Four Rules of Planning

After a comfortable month of observing lessons and helping students complete tasks, now it’s time in my training to start planning activities and, dare I say it, lessons. I joked with other trainees that Leonard Snart’s rules of planning are the way to go. However, from what I have already observed, learnt about, and now from experience, it actually is.

For those of you who don’t know, Leonard Snart (aka Captain Cold) is a character in the TV show, The Flash. Snart is a master thief turned anti-hero (joining the Legends of Tomorrow), infamous for his heists. The heroes are always astounded by how Snart formulates his fool proof plans. When the Flash turns to Snart for help one particular episode, he is even more confused when Snart reveals his four rules to planning and I’ve become astounded how it works for lesson planning (in a way).

Snart’s four rules to planning are;

1) Make the plan

2) Execute the plan

3) Expect the plan to go off the rails

4) And… Throw away the plan

Rules one and two should really go without saying. Making the plan is critical. Every lesson needs to be planned or you won’t know what you are going to be teaching! It also means the content is delivered in a structured way so students can grasp the full concept without being overwhelmed. Obviously following that, you need to then turn up and do the lesson plan or the students will be in the corridor all lesson not learning a thing. As I said, goes without saying.

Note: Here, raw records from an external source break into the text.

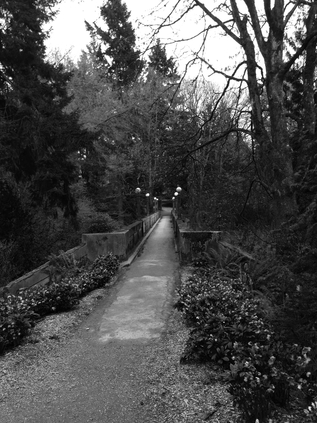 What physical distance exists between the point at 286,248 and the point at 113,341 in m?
2.99

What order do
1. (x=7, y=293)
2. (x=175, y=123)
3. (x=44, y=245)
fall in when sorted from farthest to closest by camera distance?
(x=175, y=123) → (x=44, y=245) → (x=7, y=293)

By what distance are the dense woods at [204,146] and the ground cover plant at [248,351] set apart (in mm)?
200

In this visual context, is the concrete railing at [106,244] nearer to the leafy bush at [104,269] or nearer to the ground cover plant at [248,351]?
the leafy bush at [104,269]

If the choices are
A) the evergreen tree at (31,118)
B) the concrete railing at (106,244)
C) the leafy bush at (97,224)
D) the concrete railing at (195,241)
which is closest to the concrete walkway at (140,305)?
the concrete railing at (195,241)

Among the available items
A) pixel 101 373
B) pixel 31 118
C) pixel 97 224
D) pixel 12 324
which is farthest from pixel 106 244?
pixel 97 224

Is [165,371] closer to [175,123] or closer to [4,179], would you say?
[4,179]


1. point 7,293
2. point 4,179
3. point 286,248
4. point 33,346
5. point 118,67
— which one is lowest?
point 33,346

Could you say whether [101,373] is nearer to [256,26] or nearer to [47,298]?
[47,298]

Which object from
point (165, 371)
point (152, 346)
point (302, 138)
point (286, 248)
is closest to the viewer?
point (286, 248)

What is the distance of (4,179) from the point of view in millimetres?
11906

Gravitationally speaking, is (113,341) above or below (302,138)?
below

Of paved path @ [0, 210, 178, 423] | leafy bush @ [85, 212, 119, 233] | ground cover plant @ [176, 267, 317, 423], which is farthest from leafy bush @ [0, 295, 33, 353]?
leafy bush @ [85, 212, 119, 233]

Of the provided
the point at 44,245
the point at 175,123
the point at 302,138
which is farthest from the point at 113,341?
the point at 175,123

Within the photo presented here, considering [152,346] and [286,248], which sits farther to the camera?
[152,346] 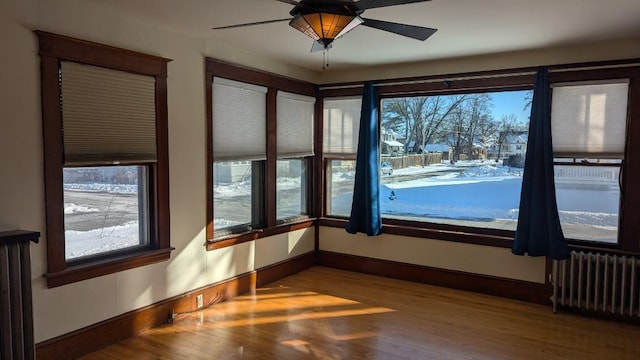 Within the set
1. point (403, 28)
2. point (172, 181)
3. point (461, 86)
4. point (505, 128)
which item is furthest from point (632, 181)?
point (172, 181)

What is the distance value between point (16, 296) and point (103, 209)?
0.99 metres

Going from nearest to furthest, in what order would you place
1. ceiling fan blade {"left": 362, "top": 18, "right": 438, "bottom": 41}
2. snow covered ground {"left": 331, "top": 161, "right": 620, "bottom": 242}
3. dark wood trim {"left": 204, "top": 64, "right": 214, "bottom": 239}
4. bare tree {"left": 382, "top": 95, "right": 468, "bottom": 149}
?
ceiling fan blade {"left": 362, "top": 18, "right": 438, "bottom": 41}, dark wood trim {"left": 204, "top": 64, "right": 214, "bottom": 239}, snow covered ground {"left": 331, "top": 161, "right": 620, "bottom": 242}, bare tree {"left": 382, "top": 95, "right": 468, "bottom": 149}

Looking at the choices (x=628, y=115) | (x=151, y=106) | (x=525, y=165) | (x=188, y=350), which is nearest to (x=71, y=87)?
(x=151, y=106)

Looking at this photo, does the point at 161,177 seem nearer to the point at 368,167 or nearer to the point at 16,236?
the point at 16,236

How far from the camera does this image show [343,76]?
552cm

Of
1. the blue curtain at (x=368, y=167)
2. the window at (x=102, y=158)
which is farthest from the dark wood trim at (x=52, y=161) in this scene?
the blue curtain at (x=368, y=167)

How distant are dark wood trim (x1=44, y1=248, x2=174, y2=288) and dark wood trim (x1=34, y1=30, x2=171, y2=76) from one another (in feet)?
4.82

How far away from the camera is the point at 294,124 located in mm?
5328

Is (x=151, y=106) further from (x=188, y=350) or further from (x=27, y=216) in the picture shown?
(x=188, y=350)

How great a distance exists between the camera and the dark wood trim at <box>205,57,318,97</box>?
4164mm

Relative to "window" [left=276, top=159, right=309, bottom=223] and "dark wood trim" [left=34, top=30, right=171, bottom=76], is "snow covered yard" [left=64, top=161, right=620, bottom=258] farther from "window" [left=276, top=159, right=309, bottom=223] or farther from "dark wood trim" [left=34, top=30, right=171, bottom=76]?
"dark wood trim" [left=34, top=30, right=171, bottom=76]

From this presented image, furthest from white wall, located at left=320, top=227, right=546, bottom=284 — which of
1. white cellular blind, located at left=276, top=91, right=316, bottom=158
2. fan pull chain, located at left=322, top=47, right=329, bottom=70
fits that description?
fan pull chain, located at left=322, top=47, right=329, bottom=70

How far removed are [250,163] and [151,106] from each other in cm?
146

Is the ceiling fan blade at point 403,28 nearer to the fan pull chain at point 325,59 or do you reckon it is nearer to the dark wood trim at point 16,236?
the fan pull chain at point 325,59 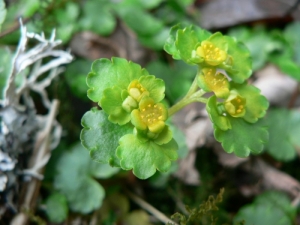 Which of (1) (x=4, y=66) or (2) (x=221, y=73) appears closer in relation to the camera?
(2) (x=221, y=73)

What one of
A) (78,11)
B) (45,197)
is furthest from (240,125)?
(78,11)

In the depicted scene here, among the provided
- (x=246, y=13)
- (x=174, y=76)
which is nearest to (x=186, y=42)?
(x=174, y=76)

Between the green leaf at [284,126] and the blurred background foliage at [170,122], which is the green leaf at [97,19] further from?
the green leaf at [284,126]

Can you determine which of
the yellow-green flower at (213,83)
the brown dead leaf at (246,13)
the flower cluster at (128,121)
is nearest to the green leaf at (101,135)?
the flower cluster at (128,121)

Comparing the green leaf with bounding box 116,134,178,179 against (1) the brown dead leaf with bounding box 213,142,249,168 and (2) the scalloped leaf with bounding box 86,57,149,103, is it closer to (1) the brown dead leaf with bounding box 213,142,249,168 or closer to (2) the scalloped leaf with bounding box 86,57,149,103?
(2) the scalloped leaf with bounding box 86,57,149,103

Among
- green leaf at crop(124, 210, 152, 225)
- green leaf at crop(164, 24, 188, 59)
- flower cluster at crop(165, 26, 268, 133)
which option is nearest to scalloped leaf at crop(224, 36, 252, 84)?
flower cluster at crop(165, 26, 268, 133)

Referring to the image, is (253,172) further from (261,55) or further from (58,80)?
(58,80)

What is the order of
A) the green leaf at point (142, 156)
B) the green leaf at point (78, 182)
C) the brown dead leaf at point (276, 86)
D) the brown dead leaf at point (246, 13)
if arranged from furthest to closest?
1. the brown dead leaf at point (246, 13)
2. the brown dead leaf at point (276, 86)
3. the green leaf at point (78, 182)
4. the green leaf at point (142, 156)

Where it becomes more interesting is rule three. I found myself, and teachers I’ve observed, looking at their activities identifying what could go wrong. A prime example is a starter I planned for top set Year 7 showing inequalities on a number line. What could go wrong? Potential problem 1, students may not be sure what the inequalities represent. Does x > 1 mean x is bigger or smaller to 1? Does it include 1? I knew they covered this in the last lesson, so this should be fine, however, some students still had a weak grasp. To ensure it would be easily understood, I selected straight forward problems to move the focus on representing on a number line. Potential problem 2, what if they are unsure of the notation? If they haven’t learnt to do it in this way before, they would be unsure how to draw it on a number line. They need to put an arrow, an empty dot, or filled in dot, on the end of the line. Easy, I’ll quickly explain the notation before they start and I would be able to leave them to it…

Throw away the plan! Why plan if you are just going to throw away the plan? I would adapt this to, ‘know when to throw away the plan’. This is what I had to do with this starter as where I thought top set Year 7 would grasp this quickly after an explanation… I was only met with 30 blank faces. Plan was out the window! Instead of leaving them to the task, I took a massive step back to do a much deeper explanation, with a worked example, leaving students to only do one on their own. Not a great starter I know but if I wasn’t prepared to throw away the plan it could have been a lot worse! Of course, the key difference between planning a heist and a lesson, this can go both ways. In one lesson I observed, the teacher planned a few graphs questions for the class but as the students were flying through the content they decided to skip them and move on to the next concept. Again, plan out of the window!

Really, I see the fourth rule as being flexible. Before I started my training, and particularly the GPS on lesson planning, I thought lessons had to be fully planned (the mind-set of Snart’s doubleganger from Earth X, yeah, it’s that kind of show), but having that flexibility allows you to take the step back or forward to focus on what counts. The learning.